Religious experience

I just spent last weekend attending Margaret Silf's Landscapes of Prayer retreat at the Centre for Ignatian Spirituality and Counselling and it was an unbelievable religious experience. A total high.

No, I didn't go into a trance or work myself into a frenzy as if I were one of ten thousand screaming fans at a rock concert. Neither did I ingest or do anything that induced my state of euphoria that has lasted past the retreat.

It started with a genuine desire to hear God's point of view on my life and I simply gave Him the time and space to talk to me in the silence.
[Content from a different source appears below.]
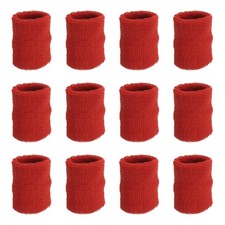 12Pcs 8x8cm Sport Wristbands Terry Absorbent Tennis Sweatband, Red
I came to this semi-directed retreat with a question that was causing me some distress and a steely determination to be as open-minded as my stubborn streak would allow.

As Margaret led us through the nine landscapes from her book Landscapes of Prayer, I journeyed from a garden with a winter-dead patch into a cave with a lagoon of calm, beauty and light in its centre  (much like the limestone hongs I visited off the east coast of Phuket).

Confusion gave way to clarity over the weekend as I let go of outdated ideas, past relationship hurts and misguided beliefs that have made themselves a comfortable home in my psyche.

As I meditated on some of the nine landscapes Margaret presented to the group, I found new life, keen insight and fresh inspiration.

I was drawn into a deeper intimacy with our amazing Creator as He invited me to trust Him with a child-like trust, one that bypasses my adult preponderance to fall back on known experiences and to question miracles.

D made a comment this evening that the intellect hinders one from really knowing God, especially when we engage in the academic pursuit of knowing God, not realizing that head knowledge can sometimes push us further away from God.

What I cherished about this retreat was the simplicity of the ideas presented and the subsequent invitation to find God in the beauty of the created world by revisiting familiar haunts of prayer in the mystery of stillness.

Ultimately, it was in allowing God to show me how much He loved me and the way He then proceeded to do so that blew my mind.

Contrary to what the world thinks, religious experiences are not that hard to come by, it just requires us to sit still, and in the ensuing silence, to let God do all the talking.